法務局のHPで申請書のひな形が案内されていますので、こちらをご覧ください。

⇒ 不動産登記の申請書様式について

登記する内容によって種類が多いので、自分の状況に合う書式をダウンロードしてください。

 

書類の作成ができたら、記載事項の文字の間違いがないかしっかり確認してください。私の場合は、一字だけ間違いがあって申請後に電話で「訂正してください」と連絡があり、印鑑持参して再度法務局に行ってきました。特に、不動産の所在、番地、地目など登記されている情報と全く同じになるように気をつけてください。

 

登記完了までの目安はこれぐらいです

  • 書類に不備が無ければ1週間

 

私の場合は1週間でした。ただ、仕事が忙しくなかなか受取に行けなかったので申請から15日後に受取りに行きました。

もし、どうしても受取りが無理な場合は、申請したときに窓口で控えの書類と委任状が貰えるので、委任状に署名、押印して代理人に委任状を預ければ代理人が受取りをすることができます。

 

不動産の根抵当権の抹消

不動産の登記が出来たのも束の間、よくよく調べてみたら土地と建物に根抵当権が設定されていました。
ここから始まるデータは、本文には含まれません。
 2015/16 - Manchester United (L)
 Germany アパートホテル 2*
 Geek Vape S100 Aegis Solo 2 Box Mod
根抵当権とは不動産を一定額の担保にしておき、将来事業などで現金が必要になったら一定額までは何度でも借り入れできる権利で、金融機関は一定額の範囲で何度でも融資することになります。

私の場合は、父親が事業をしていたので金融機関と根抵当権を設定していたのでした。これは、銀行で相続手続きをしていた時に融資課の方から「根抵当権の設定がされていますが、どうされますか?」と言われたことがきっかけで気が付きました。確かに、不動産の全部事項証明書を確認したら、いくつか設定されていた抵当権と根抵当権のうち、1つだけ残っていることが分かりました。
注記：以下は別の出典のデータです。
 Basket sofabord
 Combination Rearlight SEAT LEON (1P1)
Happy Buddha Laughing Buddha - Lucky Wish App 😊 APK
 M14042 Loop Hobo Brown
と言うことで、今後金融機関から事業で借り入れをする予定はないので、根抵当権を抹消することにしました。

 

根抵当権の抹消の申請に必要な書類はコレです

  • 登記申請書
  • 登録免許税貼り付け台紙
  • 委任状
  • 根抵当権設定契約書(解除の署名押印あり)

 

登記申請書と登録免許税貼り付け台紙は法務局のHPからダウンロードできるので、所有権移転登記をしたときと同じように申請書を作成します。ただ、内容については所有権移転登記と違いがあるので、間違えないように一つ一つ確認しましょう。

参考

法務局のHPで申請書のひな形が案内されていますので、こちらをご覧ください。

⇒ 不動産登記の申請書様式について

登記する内容によって種類が多いので、自分の状況に合う書式をダウンロードしてください。

 

根抵当権設定契約書は金融機関と根抵当権設定をした時の契約書ですが、この契約書に金融機関の代表者の署名、押印、根抵当権の抹消の旨の記載をして返却してもらいます。
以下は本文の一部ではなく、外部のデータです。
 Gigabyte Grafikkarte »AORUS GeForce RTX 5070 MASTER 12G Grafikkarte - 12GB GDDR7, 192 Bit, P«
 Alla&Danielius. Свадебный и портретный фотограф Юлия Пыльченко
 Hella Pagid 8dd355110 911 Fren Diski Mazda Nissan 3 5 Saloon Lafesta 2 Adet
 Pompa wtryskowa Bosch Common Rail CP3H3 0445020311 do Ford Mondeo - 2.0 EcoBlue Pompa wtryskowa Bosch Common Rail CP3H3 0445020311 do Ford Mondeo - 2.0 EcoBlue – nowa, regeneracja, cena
委任状は金融機関が申請者に根抵当権抹消の申請を一任するために必要なので、根抵当権設定契約書と同様に、金融機関の代表者の署名、押印、根抵当権の抹消の旨の記載した委任状を受け取ります。

出典:法務局 根抵当権の抹消の申請書類

根抵当権抹消の申請書

根抵当権抹消の申請書

登録免許税貼り付け台紙

根抵当権抹消の申請書

登記原因証明情報は金融機関から返却された根抵当権設定契約書に解除の署名押印があれば不要です

登記原因証明情報

委任状は自分で申請するなら金融機関の署名、押印があるモノが必要です。私の場合は、根抵当権設定契約書を返却してもらったときに、委任状も一緒に頂けました。

委任状

 

根抵当権抹消のポイントをまとめると以下の3点です。

  • 順位番号を全部事項証明書を取得して調べておくこと
  • 登録免許税は土地又は建物1個につき1000円となる
  • 申請から抹消までには1週間程度かかる

 

順位番号とは不動産の全部事項証明書の権利部の乙区に記載されている順位番号のことです。全部事項証明書は法務局の窓口で誰でも取得できますので、申請書を作成する前に取得しておきます。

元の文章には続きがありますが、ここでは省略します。